Overview
Word analysis is a fundamental component of a search engine, and its effectiveness directly impacts search results. Because business scenarios vary, different industries and customers have unique requirements. Custom, application-level word analysis is crucial for achieving the best search performance.
The tailored retrieval feature addresses this need. OpenSearch Industry Algorithm Edition provides a rich set of industry-specific analyzers. You can use these analyzers as a base to train your own custom analyzer with simple configuration. This process requires no additional data integration. During training, the tailored retrieval model automatically extracts and adapts to your existing data.
Charges for a tailored retrieval model are based on storage capacity, computing resources, and model training. For pricing details, see the Billing Overview.
Quick start
To create and use a tailored retrieval model, follow these three steps:
-
Create and train a model.
-
Create a custom analyzer.
-
Configure the custom analyzer.
Create and train a model
-
Navigate to Search Algorithm Center > Retrieval Configuration > Tailored Retrieval Models. Select the target exclusive application and click Create.
-
Enter a Model Name, select a Model Type, a Basic Analyzer, and the Training Fields. Check the desired Normalization settings, and then click Submit.
The available basic analyzers include: Chinese - General Analysis, Chinese - E-commerce Analysis, IT Content Analysis, Industry - General Gaming Analysis, Industry - Education Q&A Search, Industry - IT Content Analysis, and Industry - General E-commerce Analysis.
For Normalization, you can select one or more of the following options: Uppercase to Lowercase, Traditional to Simplified Chinese, and Full-width to Half-width Characters. These settings apply only to queries and do not affect the original field content.
-
The model name cannot be changed after creation.
-
Training Fields supports only the
short_textandtextdata types.
-
After creating a model, its status defaults to Unavailable. On the Tailored Retrieval Models list page, find the new model and click Train Model in the Actions column.
-
Model training typically takes one to two business days to complete.
-
You can retrain a model. Each completed training adds a new, sequentially numbered version to the Training History section on the details page.
Create a custom analyzer
After the tailored retrieval model is successfully trained and its status becomes Available, you can create a custom analyzer.
-
Go to the Search Algorithm Center > Analyzer Management page. Select the Text Analyzer tab and click Create.
-
Enter a name, select Tailored Model Analyzer as the analyzer type, choose the corresponding HA3 engine instance and tailored retrieval model, and click Save.
-
After the custom analyzer is created, you can use it to test word analysis and access features such as Entry Management.
Configure the custom analyzer
After the custom analyzer is created, you can apply it to an index by performing an offline change.
-
Go to Instance Management > HA3 Engine. Find the target application, go to its details page, and click Modify Offline Application.
-
On the page for configuring the index schema, find the target index, replace its analyzer with the custom analyzer configured with the tailored retrieval model, and select the model version you want to apply.
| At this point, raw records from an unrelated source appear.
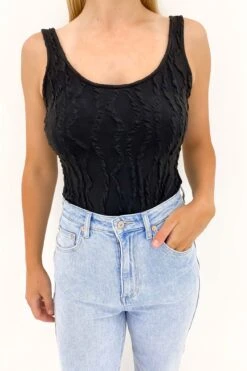 Kamala Bodysuit Black -Jean Jail Shop Kamala Bodysuit Black f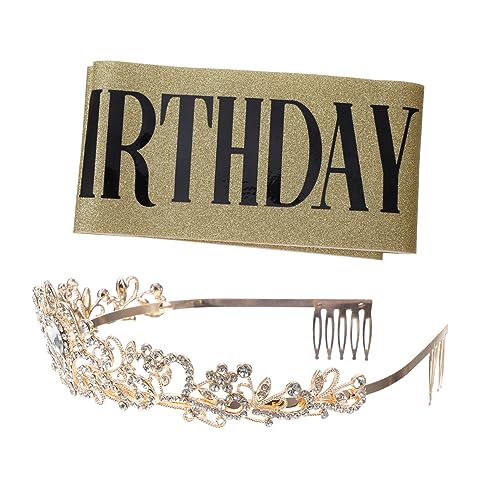 HONMEET Geburtstagsparty- Für Damen Und Mädchen Party-schärpe Stirnband-set von HONMEET
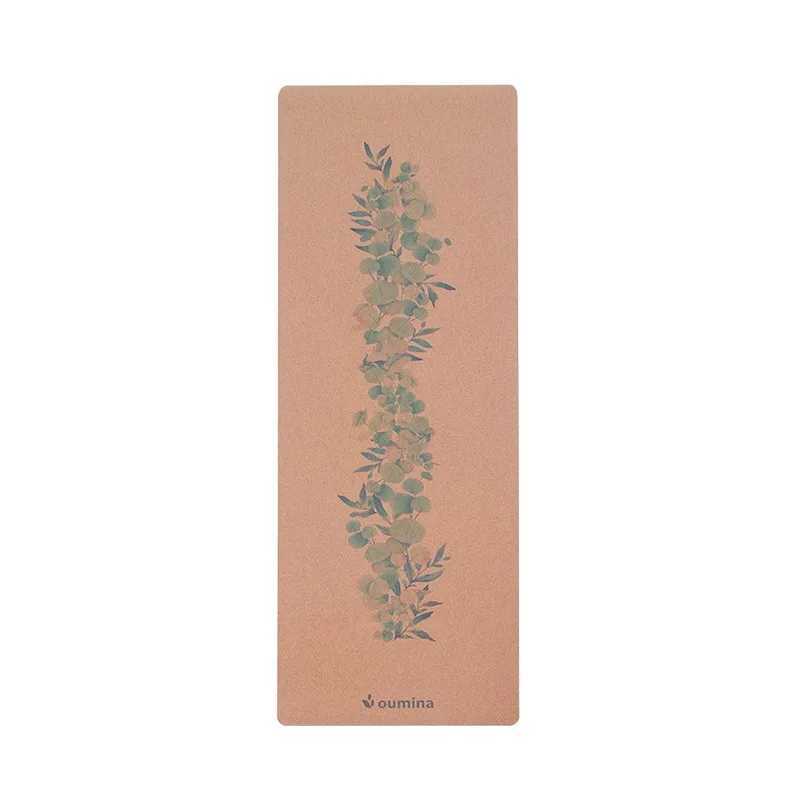 YTYIN Custom Printed Eco-Friendly 3mm Thickness Non-Slip Cork Natural Rubber Yoga Pilates Mat Customized With Non-Slip Su M260312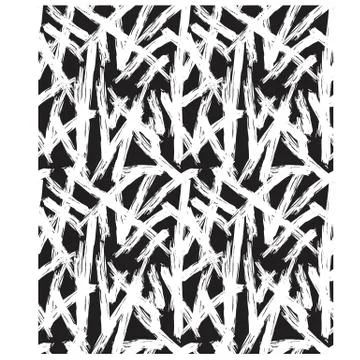 Abstract Colourful Brushstrokes Seamless Print/Pattern in Vector Illustrazione stock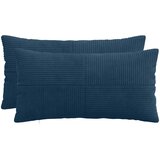  Presvlaka za jastuk 2 pcs ALMELO Mornarsko plava 40 x 80 cm Slike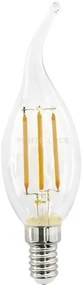 Gla280n- lampadina in vetro trasparente soffio di vento d. 3,5cm 40...
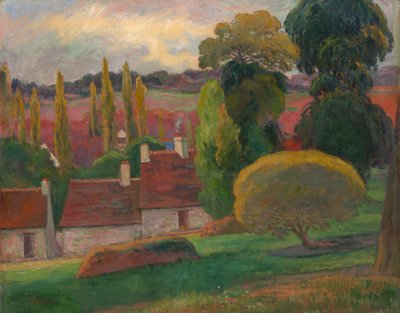 Une ferme en Bretagne, vers 1894 - Paul Gauguin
In the Analysis Method column for the index, select Analyzer Model from the drop-down menu. In the sub-menu that appears, select the target model name and its version number.
-
Complete the offline change and wait for the index to rebuild.
The status area on the Offline Application tab shows Application Initializing, indicating that an index rebuild is in progress. Wait for this process to complete.
-
After the index rebuild is complete, you can test the results on the Search Test page.
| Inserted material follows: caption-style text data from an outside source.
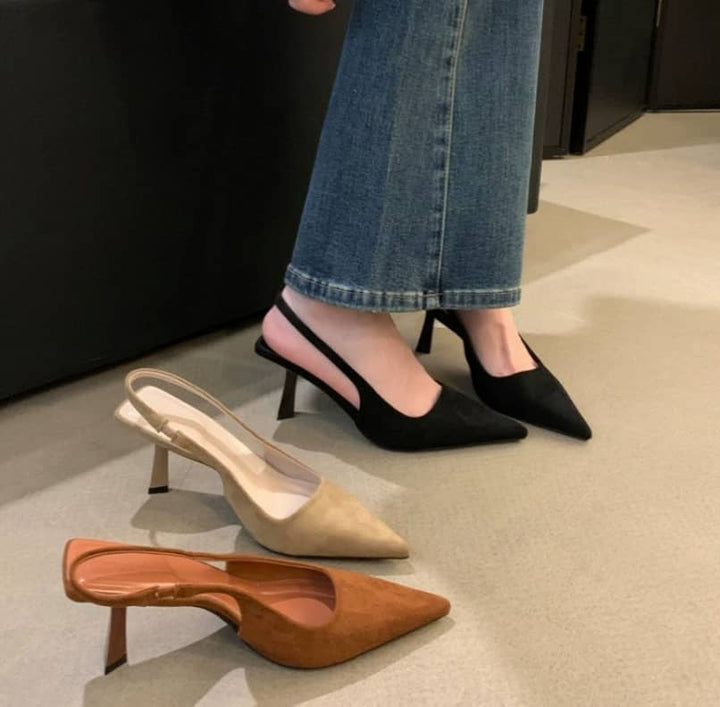 Serenya | Nude Slingback Heels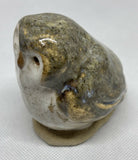 Small Stoneware Owl - Handmade in Devon - Ceramic Sculpture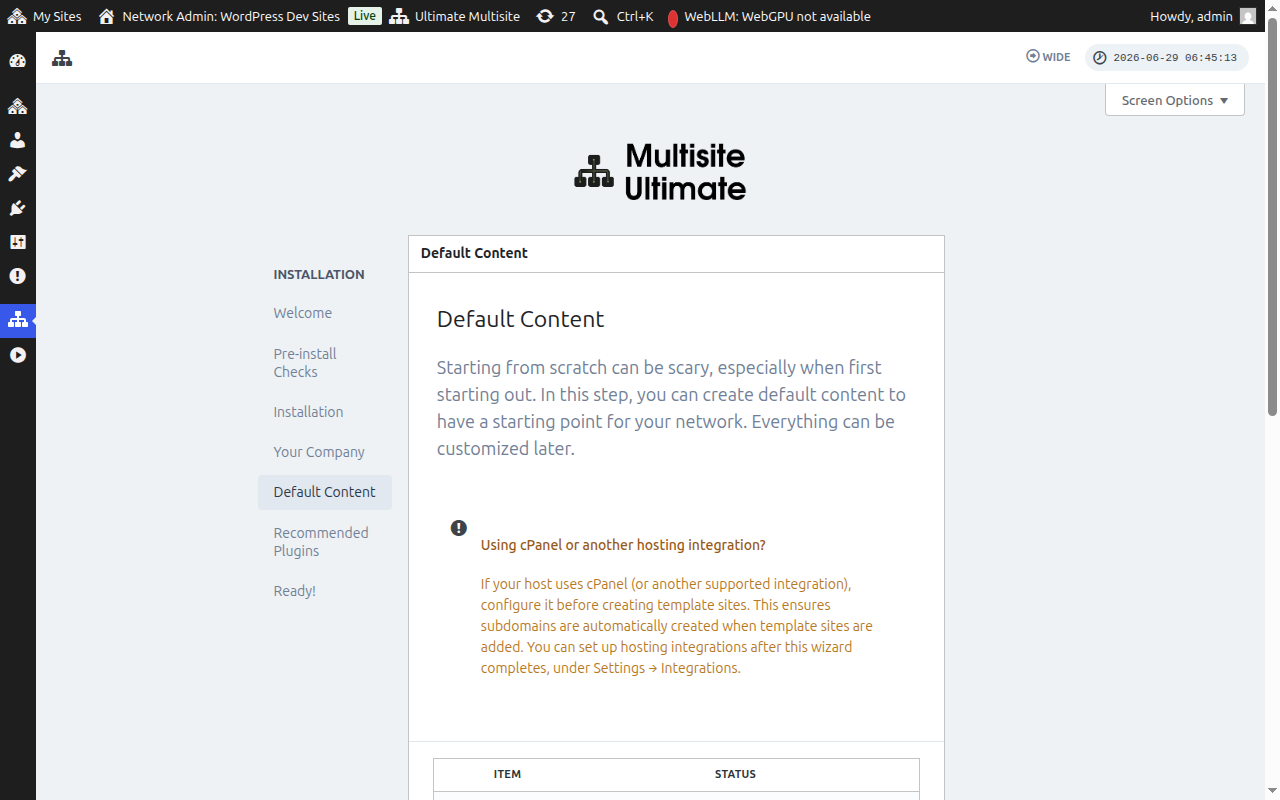 အသင့်ရှိသော အကြောင်းအရာ တပ်ဆင်ခြင်းအဆင့်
On the Search Test page, select the HA3 Engine and your application. To verify the retrieval results of the custom analyzer, enter vulcan_analyzer_2:'2' in the query box, set the config clause to start:0,hit:10,format:fulljson, and click Search.
Details page
Tailored retrieval models list page
The Tailored Retrieval Models list includes the Model Name, Model Type, Model Status (Available or Unavailable), Start Time of the Last Training, Status of the Latest Version, and Actions (Details, Train Model, Delete).
-
You cannot delete a tailored retrieval model that is referenced by an index.
-
If the status of the latest version is Training, the Train Model button is disabled. You can click Train Model again when the model is in any other status.
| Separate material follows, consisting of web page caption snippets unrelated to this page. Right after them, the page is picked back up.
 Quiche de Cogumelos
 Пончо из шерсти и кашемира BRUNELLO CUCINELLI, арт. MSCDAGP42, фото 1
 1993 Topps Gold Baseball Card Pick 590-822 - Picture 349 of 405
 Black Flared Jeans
Tailored retrieval model details page
Basic Information (read-only): Includes the Creation Time, Model Status, Start Time of the Last Training, and Status of the Latest Version.
Configuration Information (read-only): Includes the Basic Analyzer, Training Fields, and normalization settings selected during model creation.
Training History: Includes the Model Version, Configuration Information, Version Status, Training Start and End Times, and the Referenced Index. You can also test the model's performance from this section.
On the test page, enter text in the Test Text box (for example, roasted lamb chops) and click the Test button. The Analysis Result area displays the word analysis results as tags (for example, the text is split into "roasted" and "lamb chops").
You can download a comparison report of typical use cases to evaluate performance.
Limitations
-
This feature is available only for applications in Industry Algorithm Edition - Dedicated Cluster instances.
-
You can create a maximum of five tailored retrieval models per instance.
-
A tailored retrieval model created for a specific application cannot be used by other applications.
-
Currently, you can only create custom analyzers for text analysis.